La station de dessalement de Chtouka Aït Baha est entrée en production en janvier 2022. Sa capacité de production est de 275.000 mètres cubes par jour dont 125.000 mètres cubes par jour destiné à l’irrigation et permet d’irriguer 15.000 hectares. Les travaux ont inclus la construction d’installations maritimes ainsi qu’une station de dessalement et des infrastructures d’irrigation, comme un réservoir de stockage, 5 stations de pompage et un réseau de distribution d’eau sur 489 kilomètres.

Face à l’évolution des conditions hydriques de la région, il a été décidé d’élargir la capacité de la station à 400.000 mètres cubes par jour d’ici 2026. Cette extension comprendra une production quotidienne de 200.000 mètres cubes pour l’eau potable et 200.000 mètres cubes pour l’irrigation.

- Où en est le programme d’aménagement hydro-agricole associé aux nouveaux barrages, couvrant 72.500 hectares sur 6 périmètres d’irrigation ? 

- Le programme d’aménagement hydro-agricole associé aux barrages vise la valorisation des ressources en eau mobilisées par les barrages et la mise en valeur de nouveaux périmètres irrigués pour intensifier la mise en valeur agricole. Depuis le démarrage de ce programme, les réalisations sont comme suit :

- Les aménagements portant sur une superficie de 8.100 ha sont achevés (projets moyen Sebou et Kaddoussa) ;

- Les aménagements portant sur une superficie de 12.600 ha (1ère tranche du projet Saïss et 2e tranche du moyen Sebou) sont en voie d’achèvement ;

- Les aménagements portant sur une superficie de 20.000 ha (2e tranche du projet Saïss) sont en cours de réalisation ;

- Les aménagements concernant deux grands projets sont en cours de démarrage des travaux, notamment dans le Gharb (30.000 ha) et Ouljat Essoltane (1.800 ha).

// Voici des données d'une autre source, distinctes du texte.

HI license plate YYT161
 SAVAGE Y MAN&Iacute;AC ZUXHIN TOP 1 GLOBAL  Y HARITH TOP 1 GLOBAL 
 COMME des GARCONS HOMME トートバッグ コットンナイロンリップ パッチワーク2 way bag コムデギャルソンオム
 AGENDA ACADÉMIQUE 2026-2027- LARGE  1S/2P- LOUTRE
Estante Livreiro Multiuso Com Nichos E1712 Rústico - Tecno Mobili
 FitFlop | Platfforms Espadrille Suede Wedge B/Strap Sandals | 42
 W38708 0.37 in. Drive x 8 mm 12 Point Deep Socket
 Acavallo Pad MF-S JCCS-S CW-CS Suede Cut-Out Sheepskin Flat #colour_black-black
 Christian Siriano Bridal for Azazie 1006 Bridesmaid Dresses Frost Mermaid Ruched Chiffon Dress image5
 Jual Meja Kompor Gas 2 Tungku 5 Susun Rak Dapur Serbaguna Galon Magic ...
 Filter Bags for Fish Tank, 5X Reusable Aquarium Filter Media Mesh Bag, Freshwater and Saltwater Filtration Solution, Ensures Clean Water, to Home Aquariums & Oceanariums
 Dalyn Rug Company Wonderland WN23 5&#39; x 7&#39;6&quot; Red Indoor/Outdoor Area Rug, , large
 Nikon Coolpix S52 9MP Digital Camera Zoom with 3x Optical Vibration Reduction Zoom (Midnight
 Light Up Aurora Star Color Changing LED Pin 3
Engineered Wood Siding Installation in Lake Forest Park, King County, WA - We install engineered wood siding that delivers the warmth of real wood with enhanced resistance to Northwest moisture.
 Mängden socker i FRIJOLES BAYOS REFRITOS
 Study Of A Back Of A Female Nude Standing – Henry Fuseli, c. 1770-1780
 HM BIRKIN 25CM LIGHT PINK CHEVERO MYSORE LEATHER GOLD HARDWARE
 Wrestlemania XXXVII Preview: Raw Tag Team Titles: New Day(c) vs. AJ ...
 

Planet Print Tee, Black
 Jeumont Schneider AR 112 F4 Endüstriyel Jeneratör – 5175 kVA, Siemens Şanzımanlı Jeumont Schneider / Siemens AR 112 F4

Ahmed El Bouari est directeur de l’Irrigation et de l’Aménagement de l’espace agricole (DIAEA) au ministère de l’Agriculture, de la pêche maritime, du développement rural et des eaux et forêts, depuis 2013.

Né en 1964 à Ouezzane, M. El Bouari a débuté sa carrière professionnelle en tant qu’ingénieur du génie rural. Il a conduit des projets d’envergure dans le domaine de l’eau et de l’irrigation. Il a contribué à l’élaboration et à la mise en œuvre des politiques nationales de l’irrigation, de l’eau et des aménagements fonciers.

En outre, il est actuellement président de l’Association des ingénieurs du génie rural du Maroc (AIGR) et président du Réseau marocain interprofessionnel de l’irrigation (REMIG). Il est également membre de l’association internationale "Echanges méditerranéens pour l’eau, la forêt et le développement" dont le siège est à Paris.

Il assure enfin la vice-présidence de la Commission internationale de l’irrigation et du drainage (CIID) en reconnaissance de ses contributions dans ce secteur.